*** Records shown ***
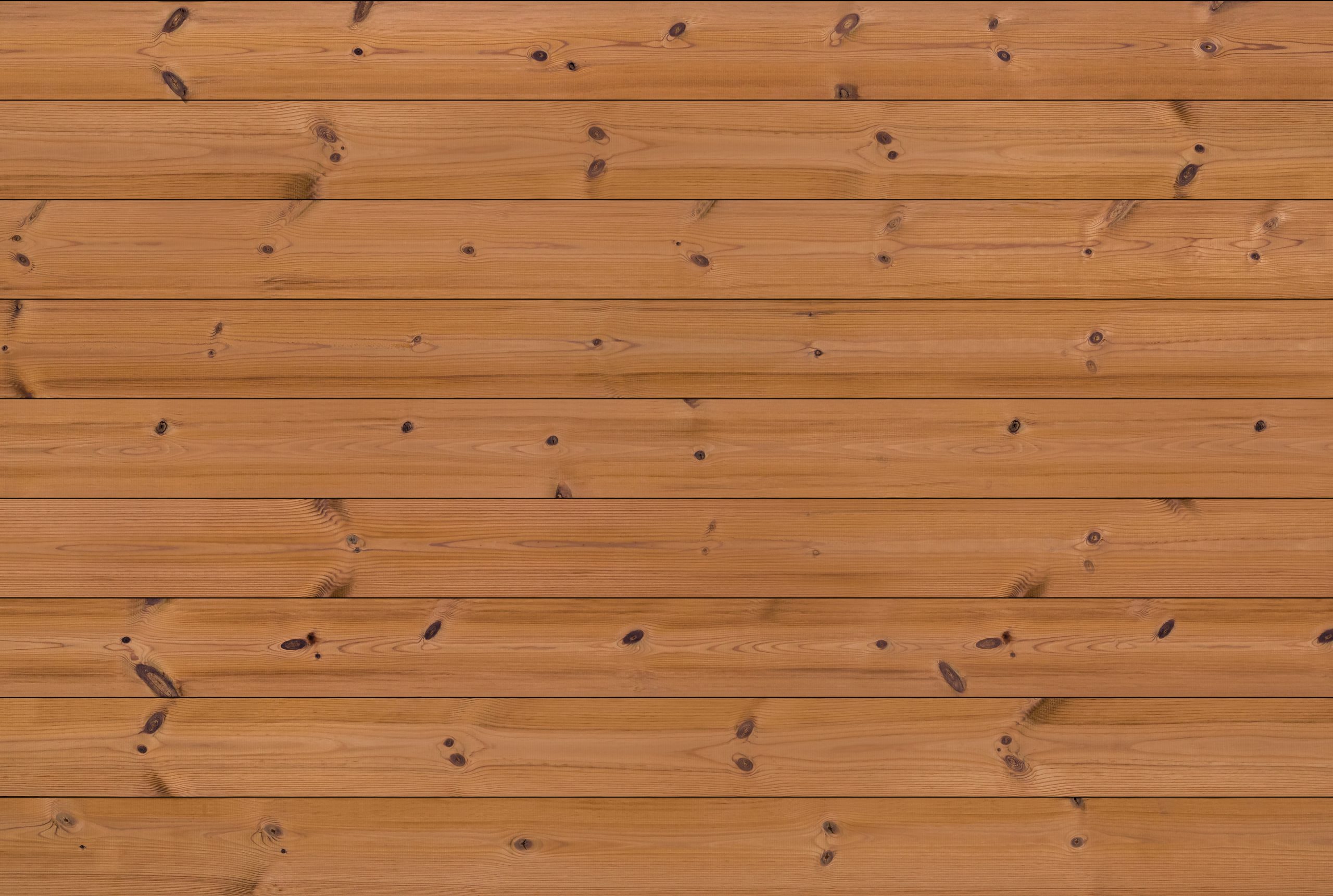 C3 Thermo-Pine - Image 2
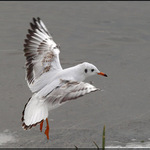 Racek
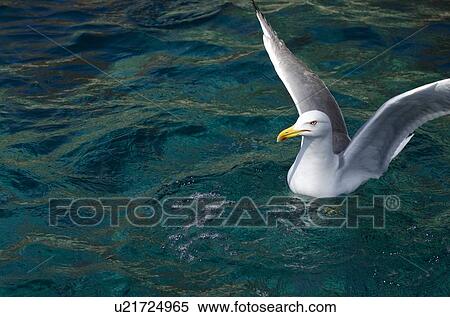 Stock Photography - Portrait of seagull floating on sea with wings spread. Fotosearch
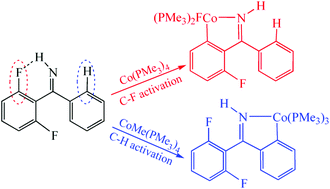 Graphical abstract: Computational rationalization of the selective C–H and C–F activations of fluoroaromatic imines and ketones by cobalt complexes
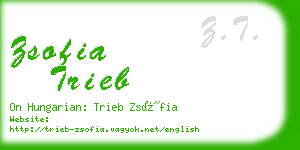 zsofia trieb business card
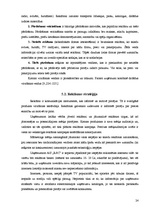 Referāts 'Mārketinga analīze uzņēmumā', 24.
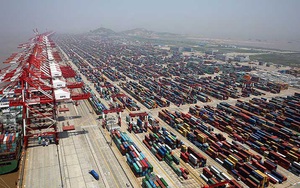 Vận chuyển hàng hóa bị tắc nghẽn nghiêm trọng do Thượng Hải bị phong tỏa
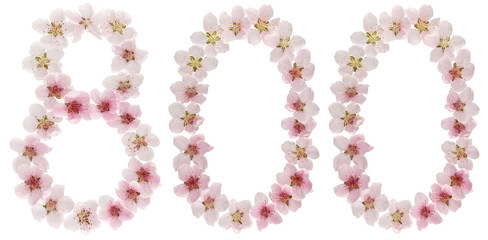 Numeral 800, eight hundred, from natural pink flowers of peach tree, isolated on white background
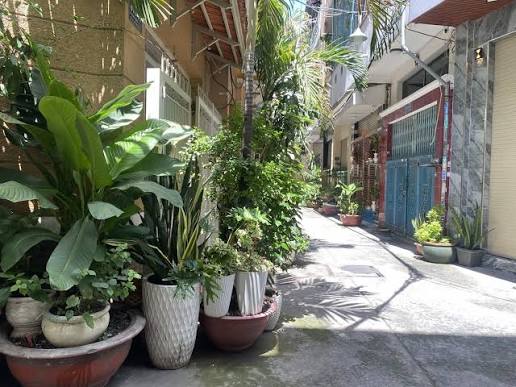 Trồng cây lấn sang đất hàng xóm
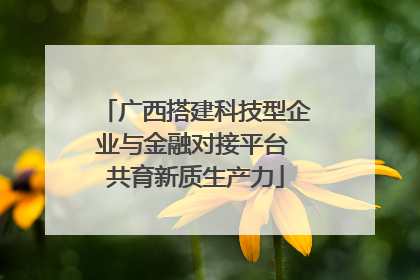 广西搭建科技型企业与金融对接平台 共育新质生产力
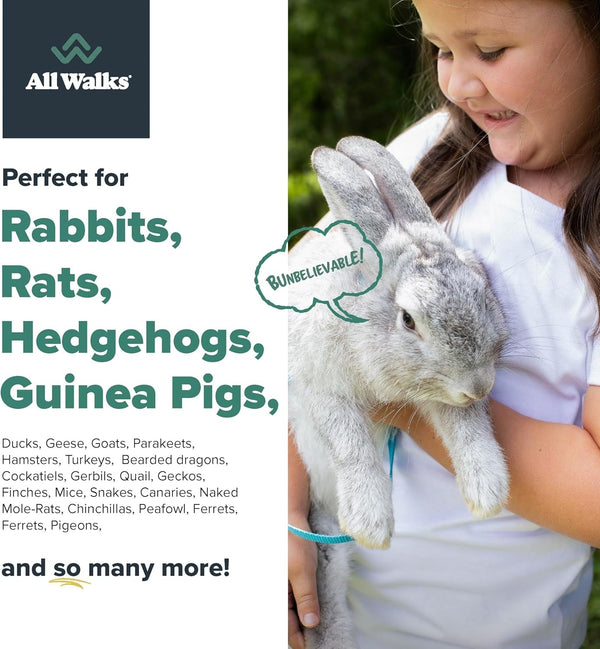 | Hemp Bedding for Small Animals 18.5L (3.7 LBS) | Low Dust, Odor Control, Highly Absorbent, Natural Cage Bedding for Rabbits, Hamsters, Guinea Pigs, Birds, and More6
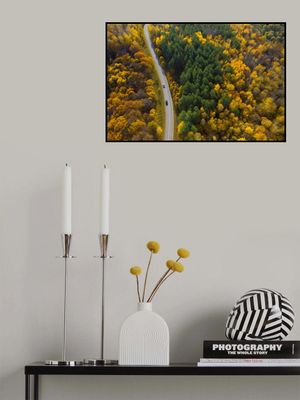 Bright moments of autumn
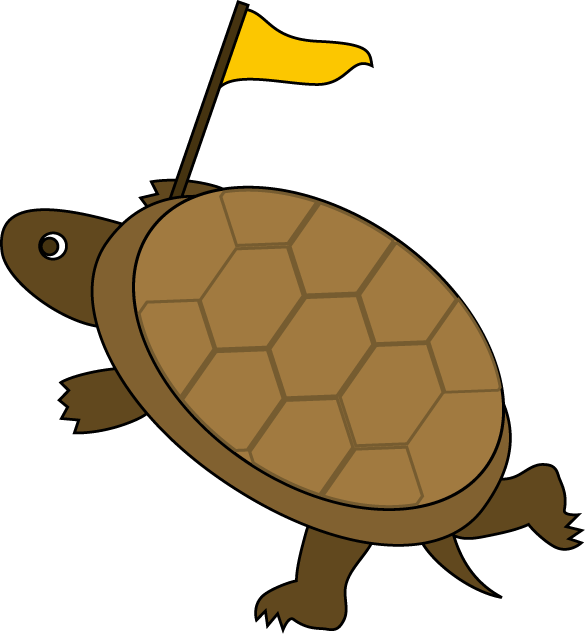 Cartoon Tortoisewith Flag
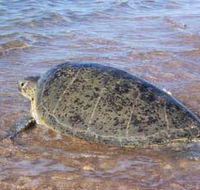 Mackerel Islands - Accommodation Burleigh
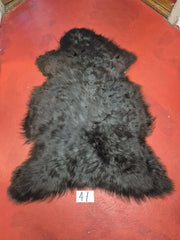 Xl Svensk Brun 47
*** End of Records shown ***
Brief
Restate every record exactly, please; do not copy the pictures.

Expected answer
 C3 Thermo-Pine - Image 2
 Racek
 Stock Photography - Portrait of seagull floating on sea with wings spread. Fotosearch
 Graphical abstract: Computational rationalization of the selective C–H and C–F activations of fluoroaromatic imines and ketones by cobalt complexes
 zsofia trieb business card
 Referāts 'Mārketinga analīze uzņēmumā', 24.
 Vận chuyển hàng hóa bị tắc nghẽn nghiêm trọng do Thượng Hải bị phong tỏa
 Numeral 800, eight hundred, from natural pink flowers of peach tree, isolated on white background
 Trồng cây lấn sang đất hàng xóm
 广西搭建科技型企业与金融对接平台 共育新质生产力
 | Hemp Bedding for Small Animals 18.5L (3.7 LBS) | Low Dust, Odor Control, Highly Absorbent, Natural Cage Bedding for Rabbits, Hamsters, Guinea Pigs, Birds, and More6
 Bright moments of autumn
 Cartoon Tortoisewith Flag
 Mackerel Islands - Accommodation Burleigh
 Xl Svensk Brun 47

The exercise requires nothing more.